*PROBLEM TO WORK ON*.
From the line containing "MAN TGS 35.430" through the last line below, copy every line exactly, leaving out the pictures.

Records from a data source
>>>>>
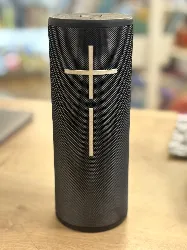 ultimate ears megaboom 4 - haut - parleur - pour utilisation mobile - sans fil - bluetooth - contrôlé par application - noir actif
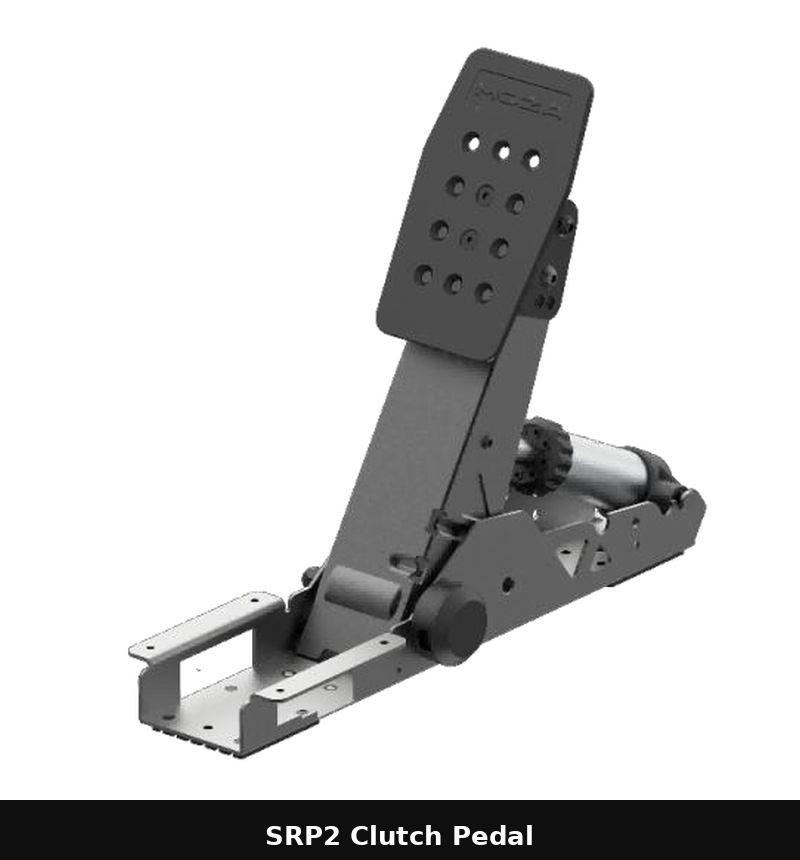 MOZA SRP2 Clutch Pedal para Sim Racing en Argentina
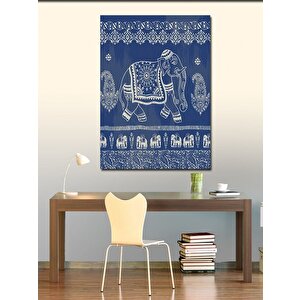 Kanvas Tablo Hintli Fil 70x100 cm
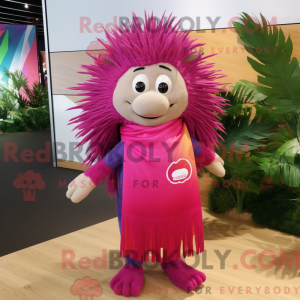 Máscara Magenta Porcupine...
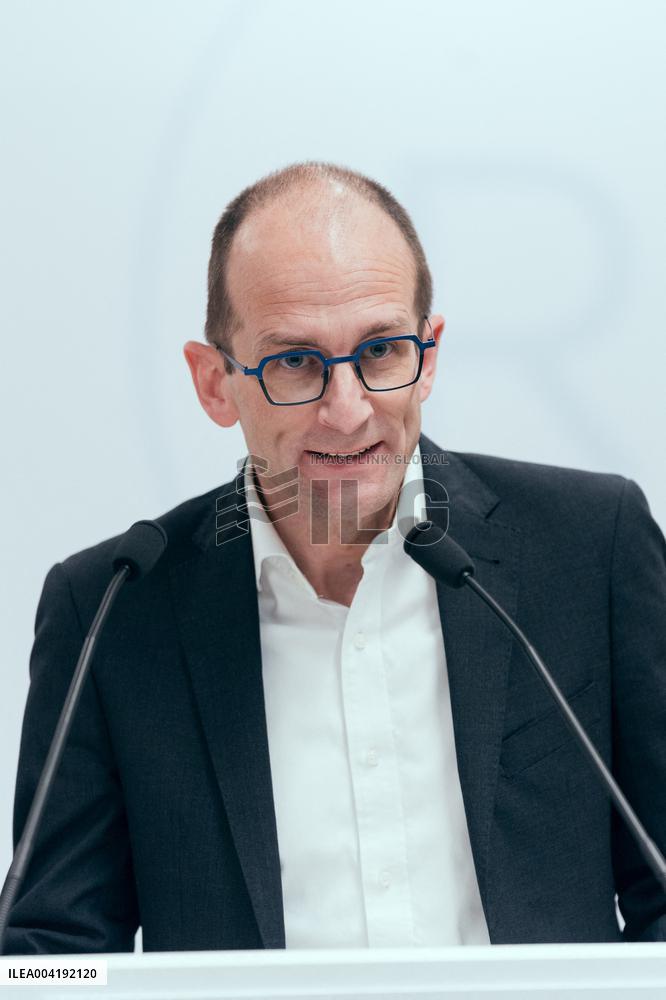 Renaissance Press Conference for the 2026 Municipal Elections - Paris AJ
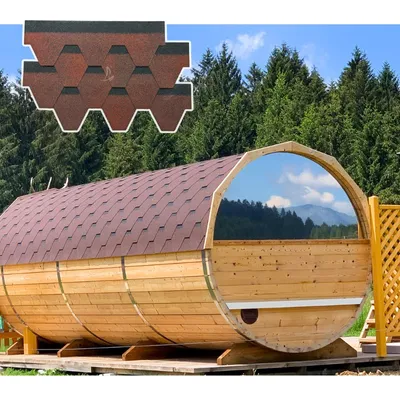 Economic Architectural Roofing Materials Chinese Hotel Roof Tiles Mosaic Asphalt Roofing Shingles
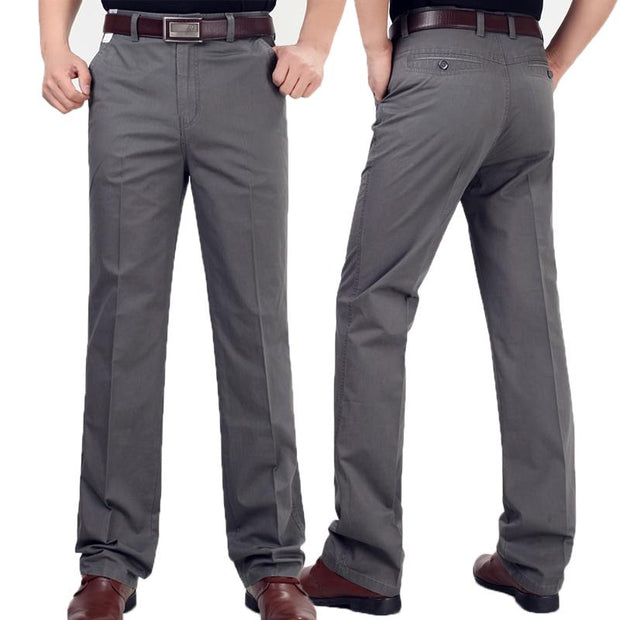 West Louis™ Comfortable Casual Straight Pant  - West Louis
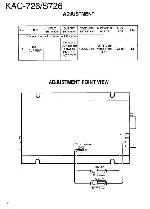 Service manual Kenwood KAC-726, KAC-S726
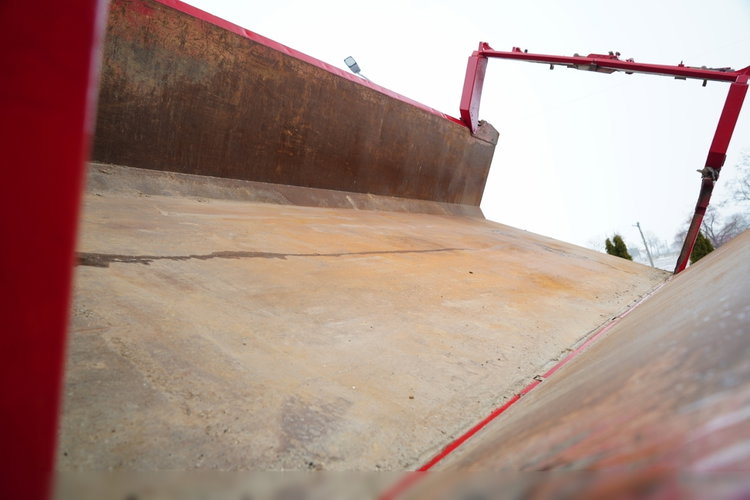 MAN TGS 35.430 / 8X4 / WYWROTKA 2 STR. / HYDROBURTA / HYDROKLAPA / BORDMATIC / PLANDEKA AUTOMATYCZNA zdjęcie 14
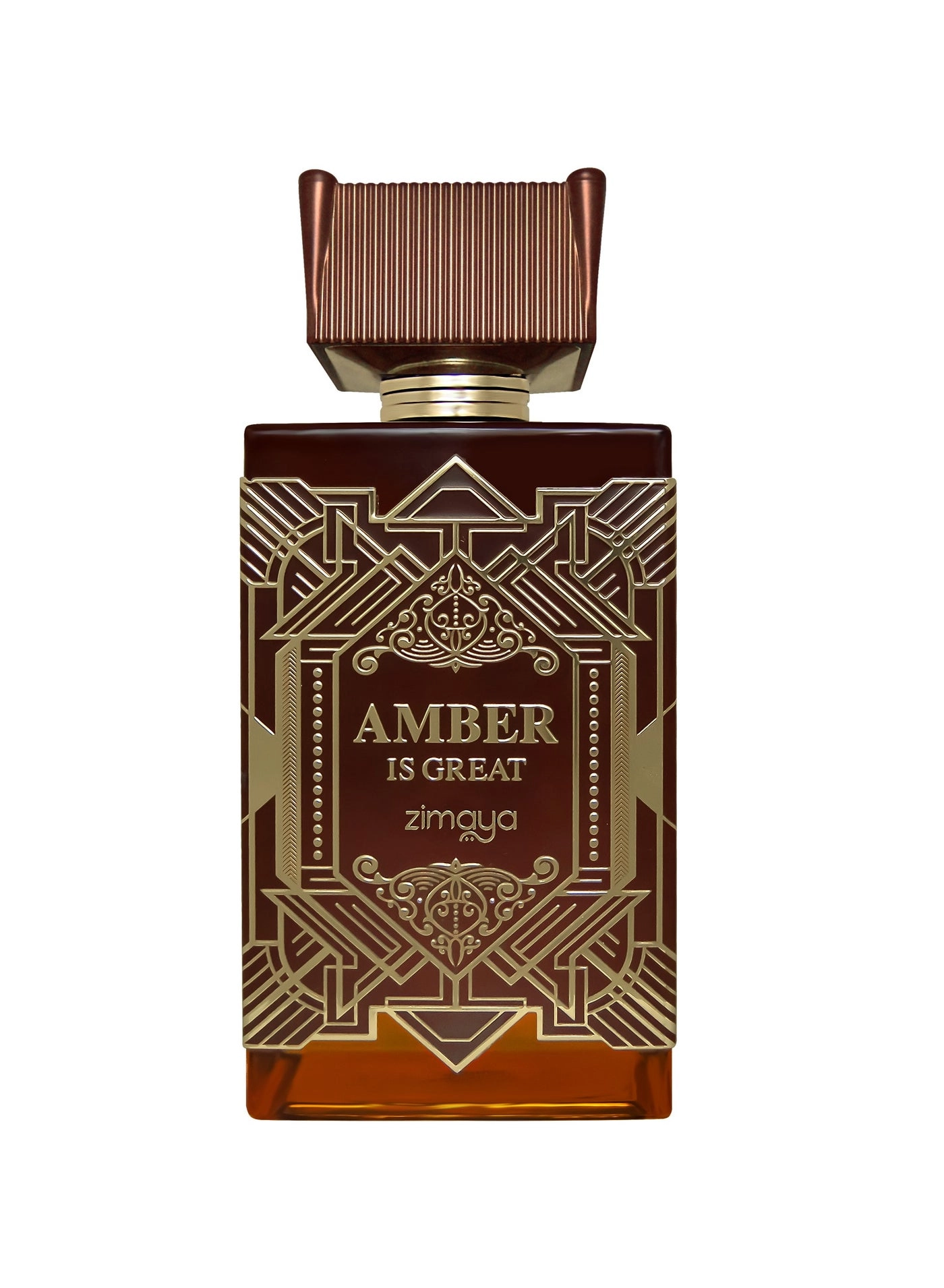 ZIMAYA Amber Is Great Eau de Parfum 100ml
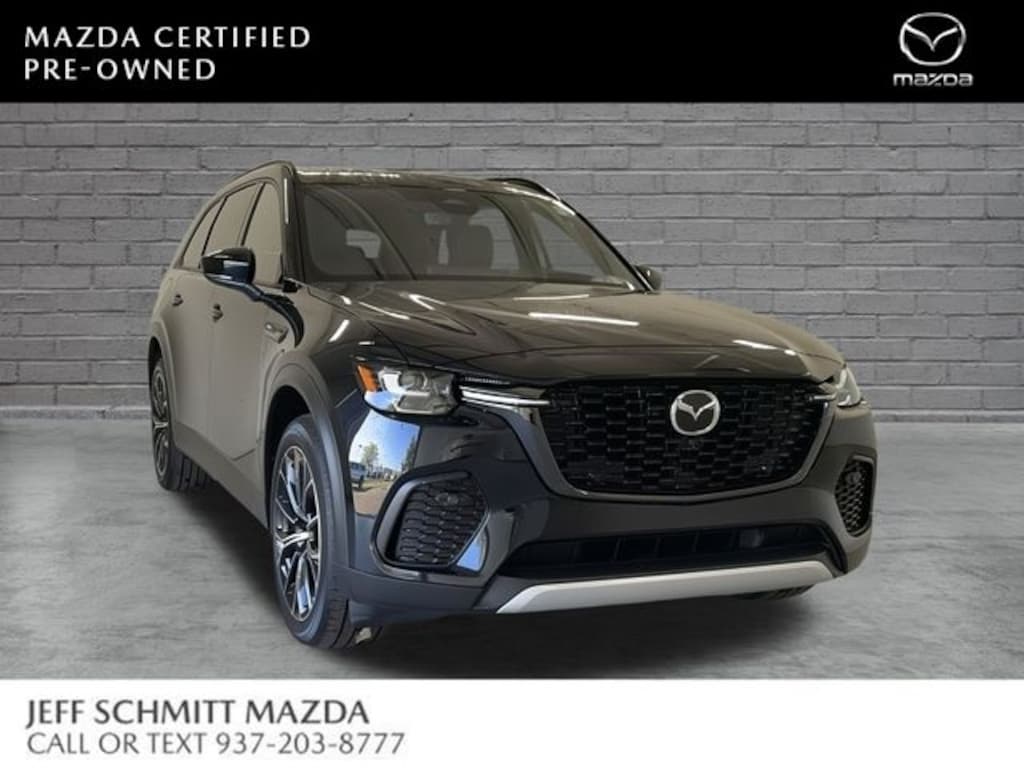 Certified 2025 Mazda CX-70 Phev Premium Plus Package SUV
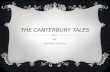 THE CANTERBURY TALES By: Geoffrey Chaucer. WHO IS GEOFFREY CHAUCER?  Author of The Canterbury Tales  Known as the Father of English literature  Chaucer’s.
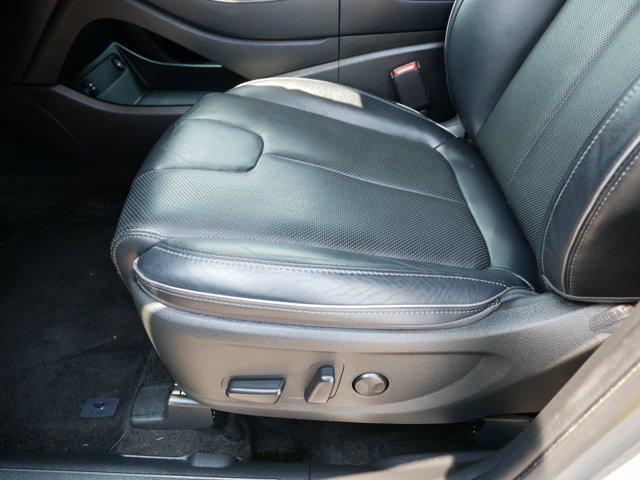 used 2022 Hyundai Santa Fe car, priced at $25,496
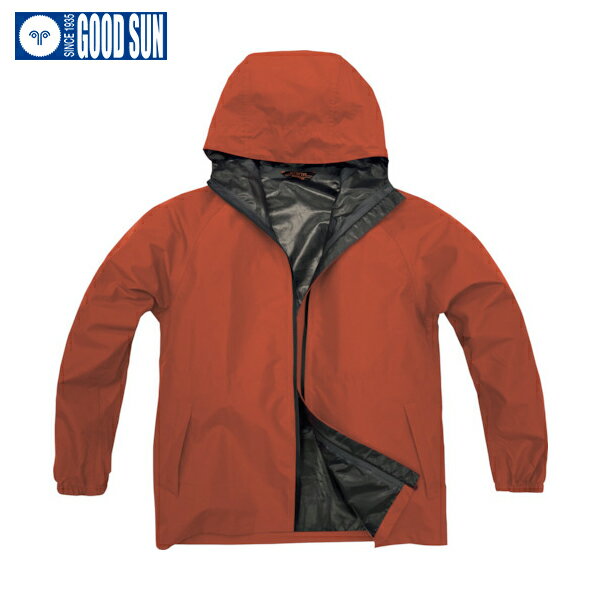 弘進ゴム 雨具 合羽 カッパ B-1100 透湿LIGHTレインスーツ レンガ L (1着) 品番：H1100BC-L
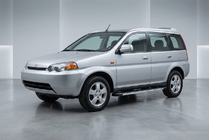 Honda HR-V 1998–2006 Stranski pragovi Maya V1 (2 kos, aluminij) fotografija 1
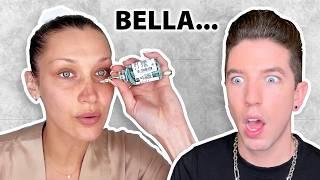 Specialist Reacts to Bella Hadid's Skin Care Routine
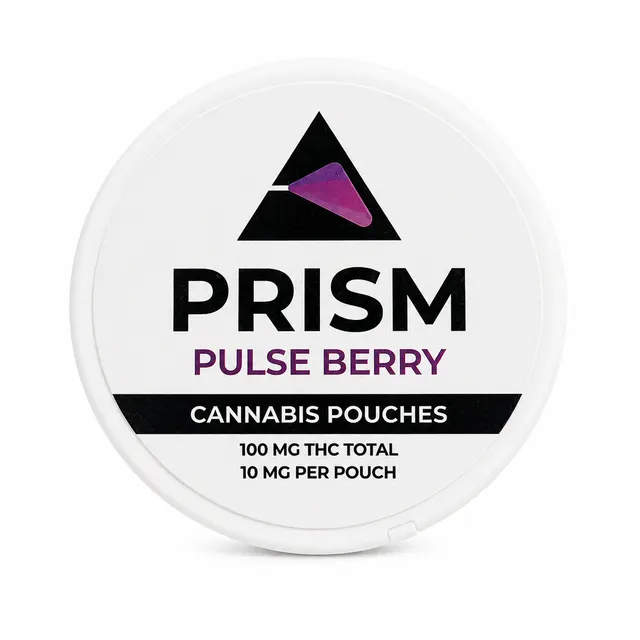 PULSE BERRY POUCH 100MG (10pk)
<<<<<
*THE COMPLETED TASK*.
 MAN TGS 35.430 / 8X4 / WYWROTKA 2 STR. / HYDROBURTA / HYDROKLAPA / BORDMATIC / PLANDEKA AUTOMATYCZNA zdjęcie 14
 ZIMAYA Amber Is Great Eau de Parfum 100ml
 Certified 2025 Mazda CX-70 Phev Premium Plus Package SUV
 THE CANTERBURY TALES By: Geoffrey Chaucer. WHO IS GEOFFREY CHAUCER?  Author of The Canterbury Tales  Known as the Father of English literature  Chaucer’s.
 used 2022 Hyundai Santa Fe car, priced at $25,496
 弘進ゴム 雨具 合羽 カッパ B-1100 透湿LIGHTレインスーツ レンガ L (1着) 品番：H1100BC-L
 Honda HR-V 1998–2006 Stranski pragovi Maya V1 (2 kos, aluminij) fotografija 1
 Specialist Reacts to Bella Hadid's Skin Care Routine
 PULSE BERRY POUCH 100MG (10pk)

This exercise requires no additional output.